The intelligence briefing, entitled, “Bin Laden Determined to Strike in U.S.,” referred to evidence that terrorists were casing buildings in New York City as possible targets.
Giuliani said the briefings he received from federal officials indicated that New York’s bridges, tunnels and subways were more likely targets, according to the Associated Press.
His testimony was interrupted several times by family members of Sept. 11 victims shouting, “One-sided!” and “Put us on the panel!” One woman yelled, “My son was murdered!”
Two audience members were removed from the room, including a longtime Giuliani adversary, who jumped from his seat and shouted, “Three thousand people are dead! They were not killed because he’s a great leader. … Let’s ask some real questions!”
Current Mayor Michael Bloomberg and Homeland Security Secretary Tom Ridge also testified at Wednesday’s hearing.
The commission’s hearing on Tuesday focused on New York City’s emergency crews’ response to the World Trade Center attacks.
A preliminary report from the panel said poor planning, malfunctioning equipment, communication problems and longstanding rivalries between agencies hindered response efforts.
“I think the command and control and communications of this city’s public service is a scandal,” said commission member John Lehman, a Republican and former Navy secretary in the Reagan administration. New York’s emergency response plans were “not worthy of the Boy Scouts, let alone this great city.”
His assessment evoked some strong responses from those testifying.
Thomas Von Essen, the city’s fire commissioner during Sept. 11, said, “You make it sound like everything went wrong on Sept. 11. … I think it’s outrageous that you make a statement like that.”
In response to the panel’s pointed questions, current and former leaders of the city’s police and fire departments and the Port Authority Police Department defended their performance, sometimes angrily, according to The New York Times.
At the emotional eight-hour hearing held in Manhattan, the commission also presented a minute-by-minute multimedia account of what happened that fall day, emphasizing the heroism and horror, as well as the errors.
A written report listed technical and organizational obstacles to the emergency response work of police, firefighters and other rescue workers.
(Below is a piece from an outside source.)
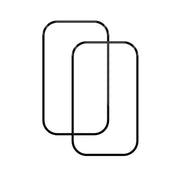 For Xiaomi Smart Band 8 Active 2pcs xDfind Curved 3D Composite Material Soft Film Screen Protector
For example, 911 operators gave contradictory information to some callers inside the towers on whether they should evacuate.
A repeater, which amplifies messages from the Fire Department’s hand-held radios, was abandoned prematurely by fire chiefs because it was mistakenly thought to be broken. As a result of the communication breakdown, fire commanders lost contact with units in the towers, which then never heard the call to evacuate, the Times reported.
The commission pointed out that because of a lack of timely information, the decision was made to dispatch new fire units to the South Tower after it was hit by the second plane, rather than reassigning some units from the North Tower, delaying the response, according to The Washington Post.
Some panel members also criticized an emergency response plan issued by Mayor Michael Bloomberg last week as simply codifying a dysfunctional system in which the police and fire departments wrangle over control at scenes of disaster.
Commission Vice Chairman Lee Hamilton described the plan as a “prescription for confusion,” according to the Times.
On Sept. 11, 2,749 people, including 343 firefighters and 23 police officers, died when hijacked airliners crashed into the World Trade Center, Pentagon and a field in western Pennsylvania.